Beat Brain Sag: Ladies, Give Your Grey Matter A Lift!
Statistics show women have a higher prevalence of Alzheimer’s than men. It’s time to take charge of our lives before cognitive decline takes charge of us. Produced together with Baycrest’s Aging, Innovation & the Mind Speaker Series.
Dr. Tiffany Chow
The Rotman Research Institute
First Scientist Supported by the Women of Baycrest
Dr. Chow’s clinical research is dedicated to finding meaningful interventions for patients with behavioural disturbances due to dementia. These interventions range from pharmacologic ways of compensating for neurotransmitter imbalances caused by the dementia to non-pharmacologic means, such as specialized Day Programs or dance. Against a backdrop of No Known Cure, clinical research in dementia is a deep frontier for neuroscientists. An important aspect of this type of clinical research is to determine the most appropriate methodology, whether for measuring the abnormal proteins or their effects on the brain (e.g., neuroreceptor loss, cortical metabolism, cerebral perfusion).
Dr. Chow’s descriptive work concerns the characterization of the behaviours manifested in frontotemporal dementia, in an attempt to find pathological correlations that are more tightly associated with the behaviours than regional atrophy is. The long-range goal is to identify a clear target to inform pharmacotherapy.
The nature of behavioural disturbances in dementia belies brain-behaviour correlations taught from lesion studies: by the time patients are diagnosed, the ravages of FTD and Alzheimer’s disease have struck in several places, not just within one frontosubcortical circuit.
As one of the investigators in the multidisciplinary Frontotemporal Dementia Workgroup, Dr. Chow is dedicated to advancing innovative and meaningful research in FTD by optimizing collaboration among investigators, facilitating patient and family participation in research, and providing a collegial, educational forum for investigators, clinicians and their trainees.
Dr. Jean Marmoreo
Jean Marmoreo is a Toronto-based Family Physician who has been caring for women and their families for more than 30 years. She continues to deliver the babies of her patients and now their babies as well.

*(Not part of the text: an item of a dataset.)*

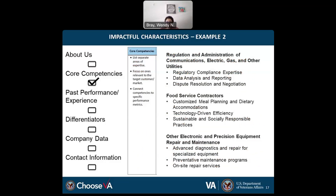Here's an example of core competencies. For this business with multiple industries, the sections are bold with bullet subsections: regulation and administration of communications, electric, gas and other utilities; food service contractors; other electronic and precision equipment repair and maintenance. This is a general capability statement including all core competencies. But for a requirement-specific one — for example, responding to a food service project — you would not include regulation and administration or electronic and precision equipment.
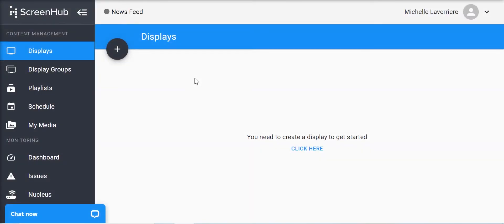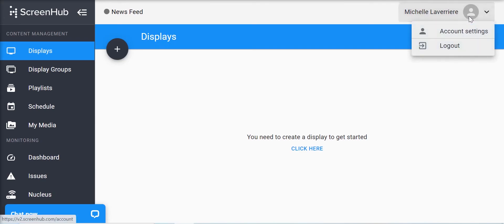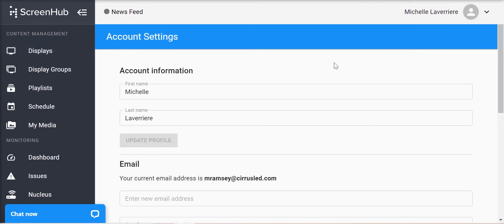This video is going to cover how to change the account settings within your Screenhub software platform. To change these settings, click on your name in the top right-hand corner of your screen, then click on Account Settings.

In addition, she specializes in treating mid-life women and managing the issues that surround the transition through menopause. These include the squeeze we call The Sandwich Generation, the pitfalls of raising teens, the disruption of family splits and reconfigurations, love lost and found again, the crucible and the lessons of illness.
Jean lectures widely on these topics to lay audiences and has provided the necessary medical expertise in evaluating the use of hormone replacement during and after the change for women in a variety of venues.

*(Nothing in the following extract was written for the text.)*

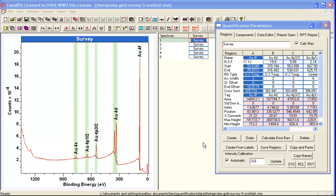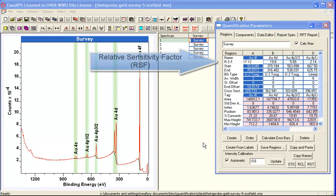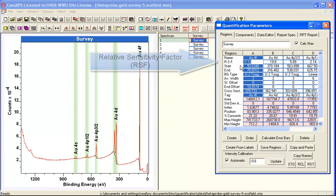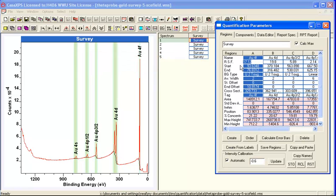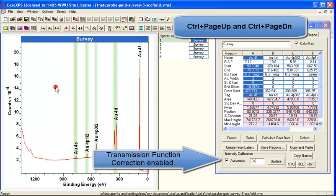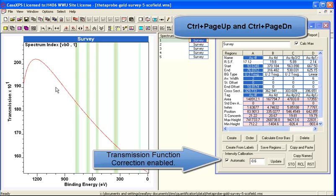Quantification of theta probe data is often performed using Schofield cross sections to adjust peak intensities for the fundamental process of photo emission. In addition, we have a correction based on the transmission of the instrument which varies as a function of the kinetic energy.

Her experience in the “trenches” was the basis of her columns in the National Post and the Globe and Mail and led to her writing the book, The New Middle Ages, in 2002.

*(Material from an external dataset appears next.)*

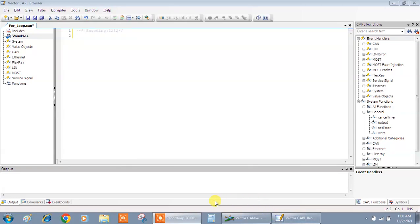In this video I'm going to give an explanation and some examples on the for loop. The for loop works similarly to how it works in other programming languages, allowing you to execute a block of code repeatedly based on a specific condition. The for loop is particularly useful when you know the exact number of iterations you want to perform. It's common across languages, but there are some differences when used with event handlers like on start.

That same year she and her husband founded JeansMarines, a running group aimed at taking women off the couch and to the starting line of the Marines Corps Marathon in Washington in nine months – the time it takes to have a baby.
Hundreds of women have done the JeansMarines program and have changed their lives because of it.
An avid hiker and kayaker, Jean Marmoreo has climbed Mt. Kilimanjaro and hiked to the base camp at Mt. Everest.
Taken from National Speakers Bureau nsb.com – Jan 29, 2010
Libby Znaimer is a prominent Canadian journalist specializing in business, politics, and lifestyle issues. After working in television broadcasting for two decades, she joined Classical 96.3 FM as Vice-President of News and Information last year. She is producing and hosting The Zoomer Report, a special feature on all topics of interest to the baby boom generation – It covers everything from health and wealth, to leisure and volunteerism, from the special vantage point of the generation that has changed society in its wake.
Libby contributes to numerous publications including the National Post, where wrote a popular series on breast cancer called “The Lump.” Her first book, In Cancerland – Living Well Is the Best Revenge – was published by Key Porter in October 2007.
Libby broke into print journalism with The Associated Press in Tel Aviv. She then moved into television, with stints at Global Television, KSTP-TV in Minneapolis, and WNBC in New York. She covered Parliament Hill for three years, then moved to reporting and anchoring daily news coverage for ground-breaking television stations Citytv and CablePulse 24. She was also an on-air host for ROBtv (now Business News Network.)